After analyzing data generated by the Broad Institute about the potential anti-cancer effects of inhibiting the DCAF1 protein, he conducted experiments using artificial RNA to ‘knock down’ DCAF1 protein in six different cell lines to see how lung cancer cells respond.

Dr. Richard Marcellus

“We found that knocking down DCAF1 in lung cancer cell lines results in cell cycle defects which eventually causes cell death,” Noureldin says.

This was an exciting discovery, but it’s important to understand why it happens. So Noureldin is now investigating the biology behind this outcome by looking at the changes it causes in RNA and other molecular structures.

Meanwhile, work is well underway on the tools to action this important discovery. In collaboration with an AI company, colleagues at the SGC have identified a small molecule inhibitor for DCAF1 that is now being improved upon by the OICR Drug Discovery chemistry group. The generation of a ‘chemical probe’ is one of the key steps toward developing a clinically useful therapeutic, and OICR researchers are working with the SGC team, led by Dr. Cheryl Arrowsmith, to achieve that goal.

Though more research and development are needed to know if this project will lead to a new cancer treatment, it’s another promising development in OICR’s exploration of these novel targets.

“We are looking at multiple WD-repeat targets related to multiple disease areas, and we are making good progress,” says Dr. Rima Al-awar, Head of Therapeutic Innovation and Drug Discovery at OICR.

This work is the result of a longtime collaboration with SGC that harnesses both partners’ strengths: SGC’s expertise in protein production, biophysical assays and crystallography and OICR’s expertise in medicinal chemistry, target validation and assay development. This has already yielded exciting advanced leads, including a compound targeting the WDR5 protein that showed potential against leukemia and attracted major industry investment.

The knowledge and tools OICR and SGC are developing around WD-repeat proteins will be contributed to the EUbOPEN, an international open science initiative aimed at accelerating the often complex and expensive drug discovery process.

“We are developing chemical probes targeting proteins like DCAF1 and putting them out into the public domain so that they can be validated further,” Al-awar says. “Hopefully this can help advance new treatments that can make a difference to cancer patients.”

As the work progresses, OICR is also strengthening its capacity to study these proteins and advance new therapeutics.
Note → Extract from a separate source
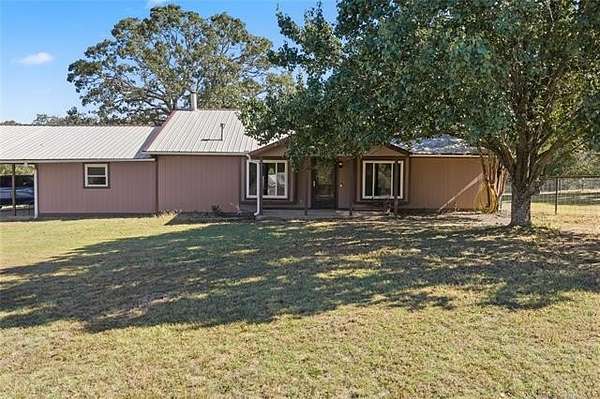 30 Acres of Land with Home for Sale in Healdton, Oklahoma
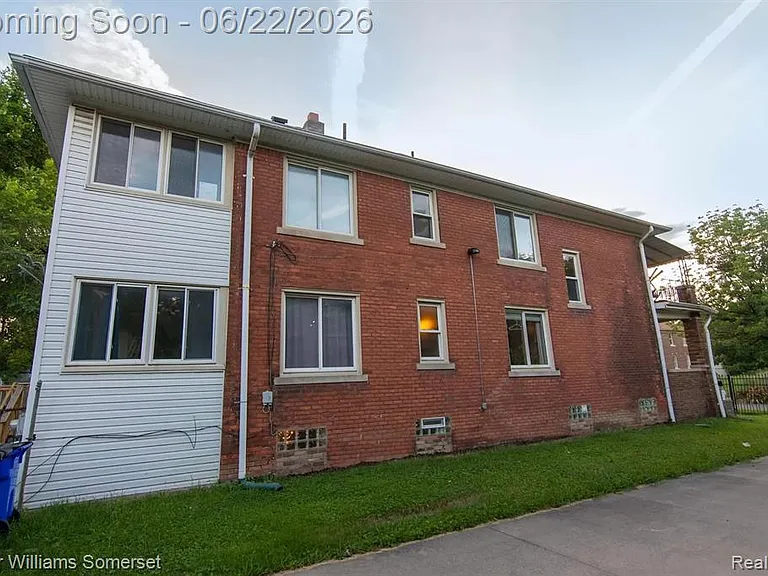 2257 Blaine St — Photo 7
This includes bringing Dr. Masoud Vedadi on board from the SGC, a world-renowned expert in working with novel proteins and one of the key scientists behind the WDR5 project.

Dr. Masoud Vedadi

“It has been a great experience collaborating with OICR on various successful projects over the past several years, and it is a great pleasure to join the OICR team. I am confident the team will continue to be a world leader in discovery of chemical probes for the WDR family of proteins and other cancer drug targets,” said Vedadi, who joined OICR as Senior Scientific Advisor in July this year.

Al-awar says that adding Vedadi helps OICR build on its existing expertise that includes teams of experts in medicinal, analytical, computational chemistry and biology and leveraging our successful collaborations with SGC and others.

For a PhD student like Noureldin, the DCAF1 project has provided a window into the multidisciplinary drug discovery process.

“This is a unique environment and such a collaborative process, and I’m privileged to be part of it,” he says. “Obviously our hope is that a DCAF1 inhibitor can someday help people with lung cancer. It’s too early to say, but it’s exciting to be working towards that goal.”